What you should do:
After finding "Nature Made Prenatal" in the material below, output its line and every line after it through the last, exactly, but not the pictures.

Given data:
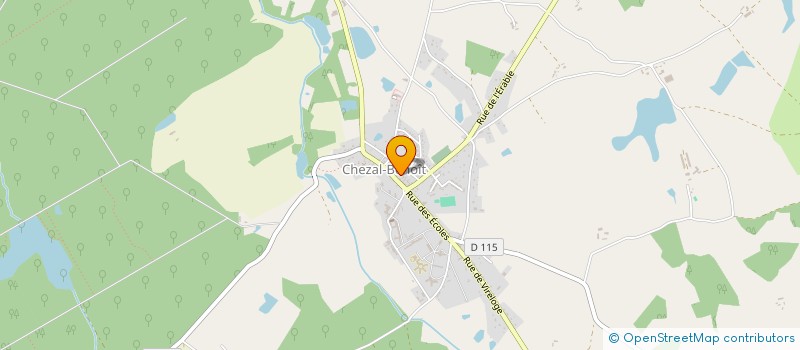 localisation de l'entreprise MONSIEUR JEAN BEAUJOIN  SAINT-HILAIRE-EN-LIGNIERES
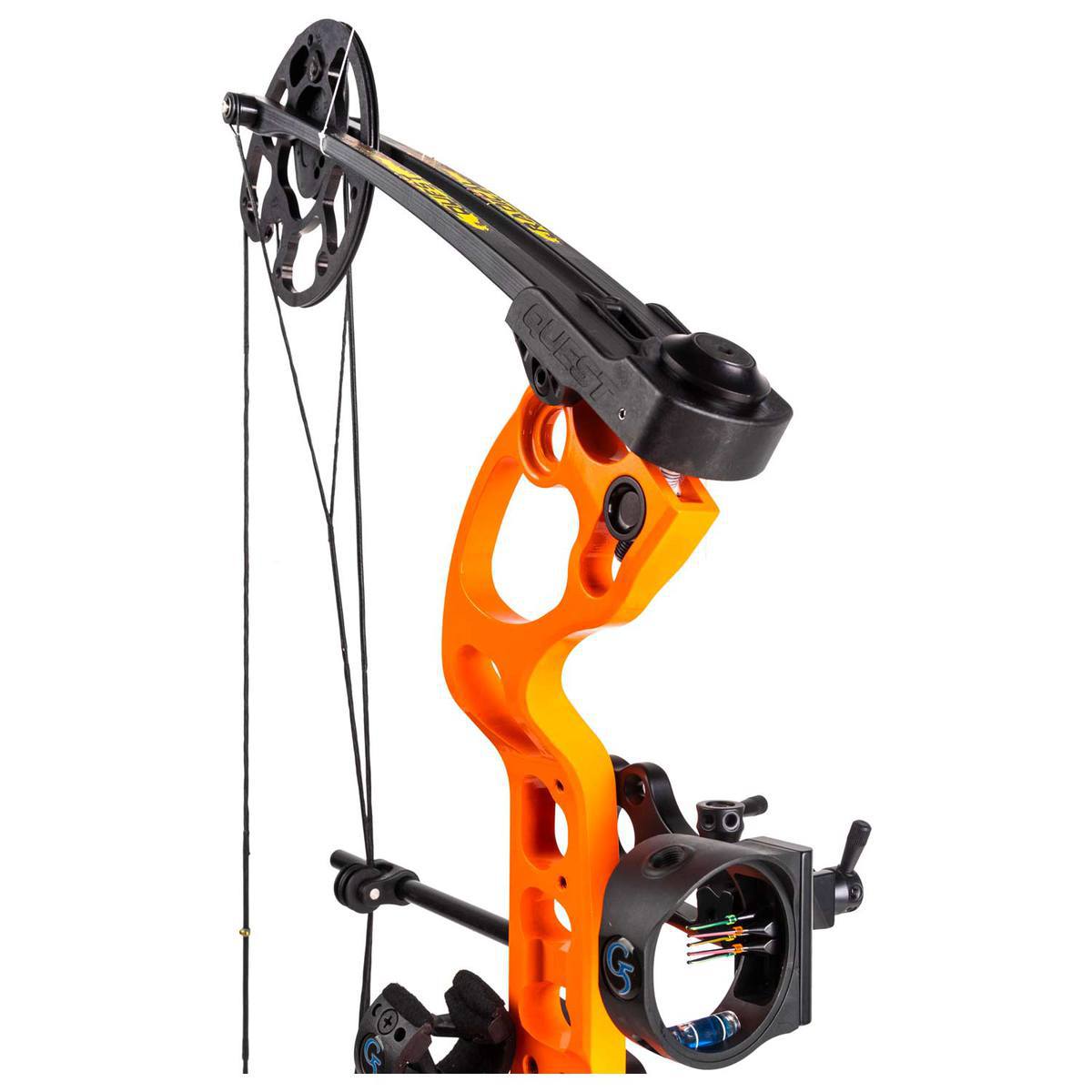 Quest Radical 40lbs Left Hand Orange/Black Compound Youth Bow - Orange/Black Quest Radical 40lbs Left Hand Orange/Black Compound Youth Bow - Orange/Black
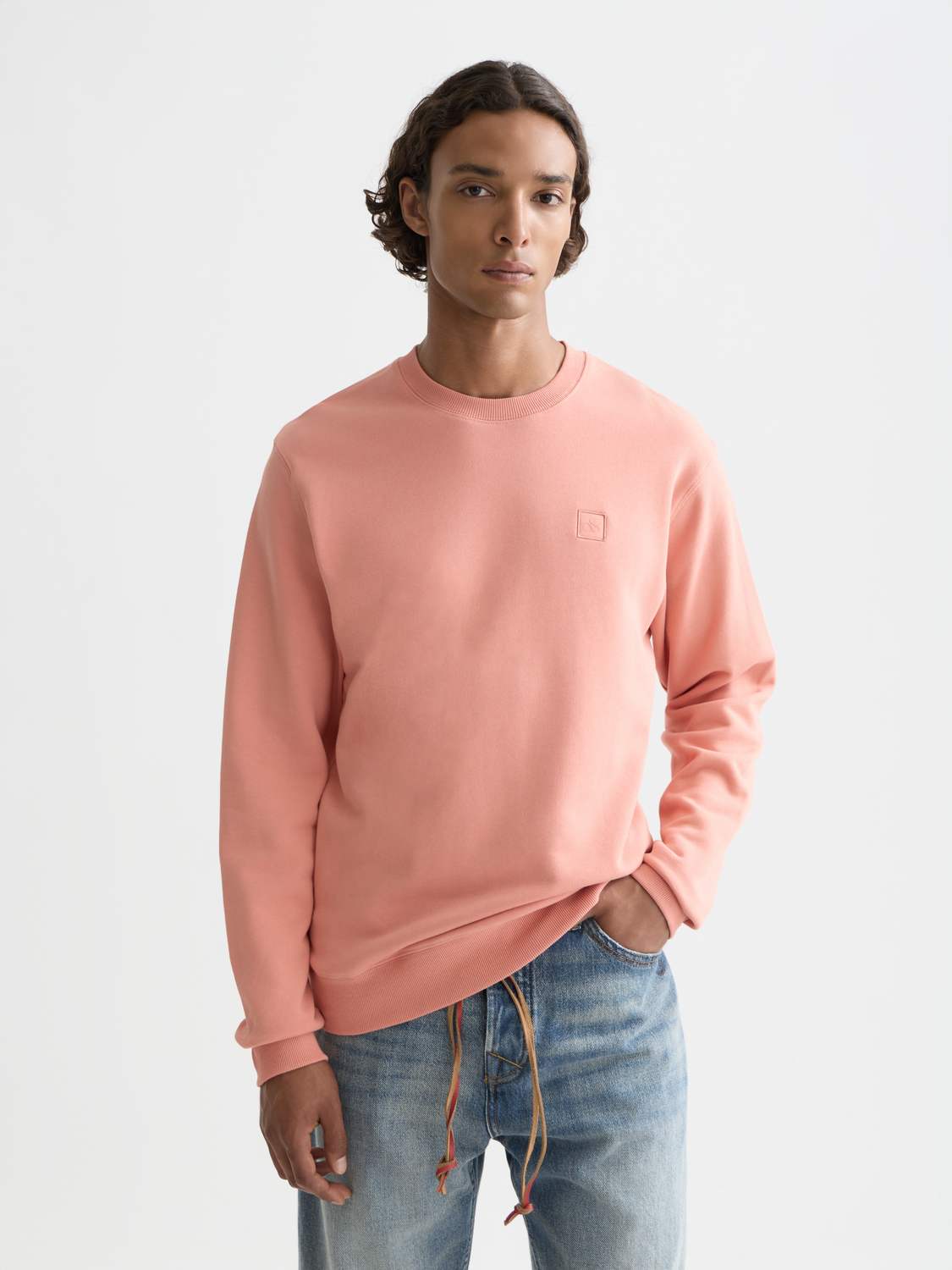 Seasonal Essentials logo badge sweatshirt - CANYON CLAY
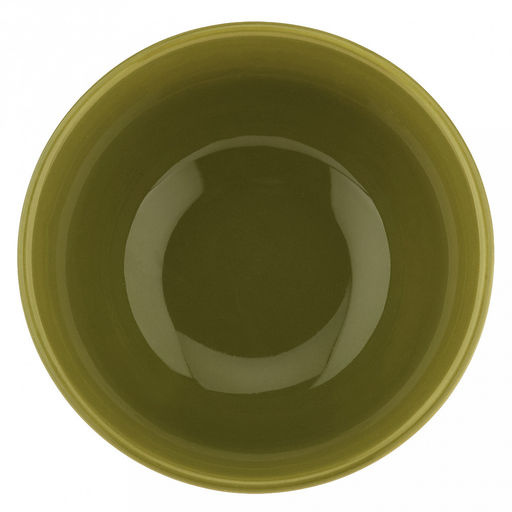 "Русское поле" Пиала фарфоровая 300мл, д12см, h5,4см, с деколью, рифленый борт, зеленый, в коробке (Китай)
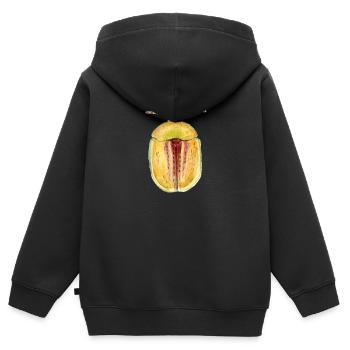 Signaler les coléoptères écailles de tortue - Sweat Premium à capuche zippé enfant bio - noir - Dos - AI Model Kid Male (0cm)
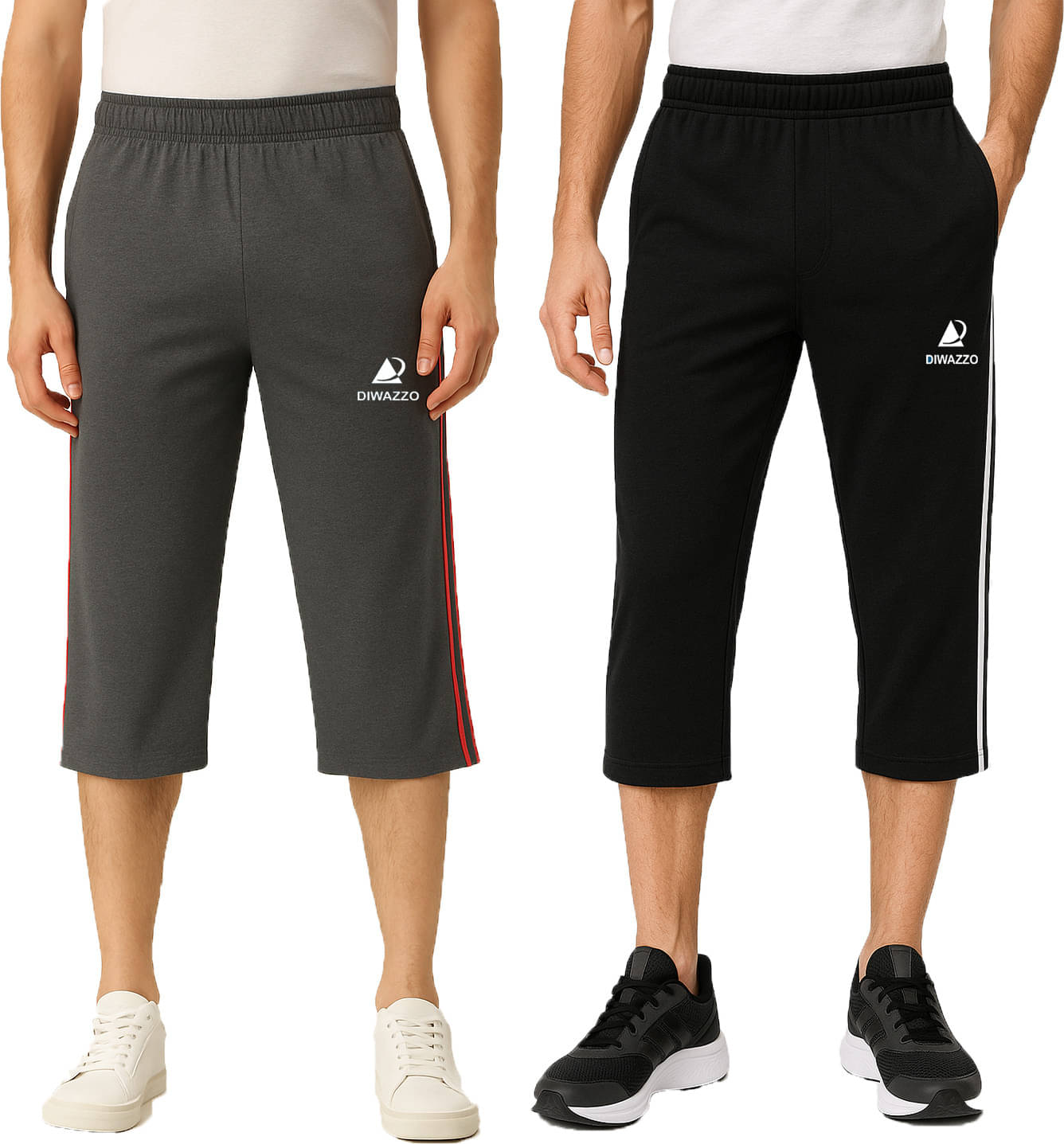 Diwazzo Multicolor Cotton Men's Three-Fourths ( Pack of 2 ) Diwazzo Multicolor Cotton Men's Three-Fourths ( Pack of 2 )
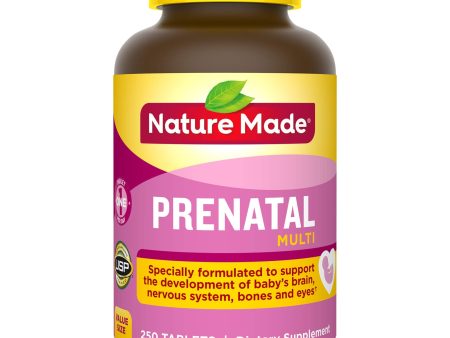 Nature Made Prenatal Vitamin With Folic Acid- 250 count Online Sale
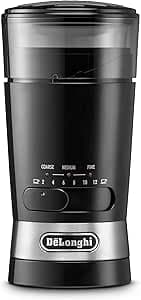 De'Longhi Electric Coffee & Spices Grinder Mill With Stainless Steel Blade , & 3 Grinding Level Settings , 12 Cups Capacity , KG210 , Black on Amazon.ae - Price Tracker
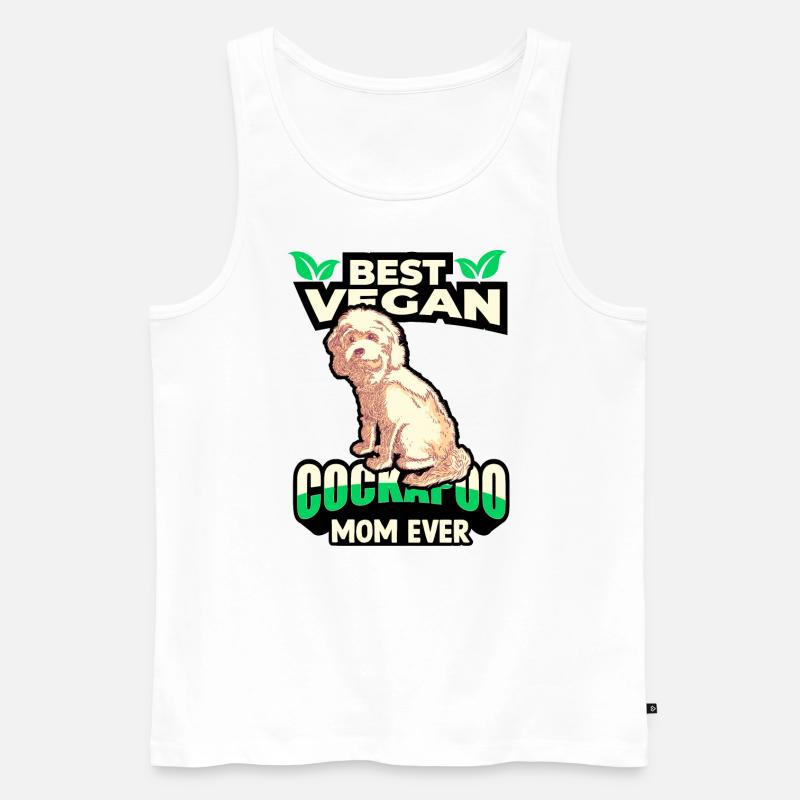 Cockapoo - Männer Premium Bio Tank Top - Weiß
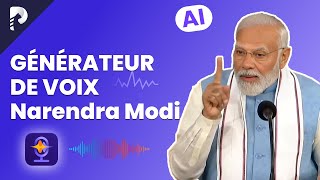 Générateur de voix Narendra Modi  Changeur de voix président  Changer la voix dune célébrité [upl. by Grewitz]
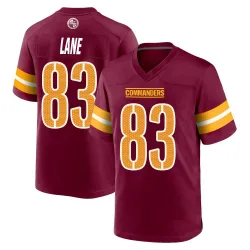 Youth Jaylin Lane Washington Commanders No.83 Game Burgundy Jersey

Result of this task:
 Nature Made Prenatal Vitamin With Folic Acid- 250 count Online Sale
 De'Longhi Electric Coffee & Spices Grinder Mill With Stainless Steel Blade , & 3 Grinding Level Settings , 12 Cups Capacity , KG210 , Black on Amazon.ae - Price Tracker
 Cockapoo - Männer Premium Bio Tank Top - Weiß
 Générateur de voix Narendra Modi  Changeur de voix président  Changer la voix dune célébrité [upl. by Grewitz]
 Youth Jaylin Lane Washington Commanders No.83 Game Burgundy Jersey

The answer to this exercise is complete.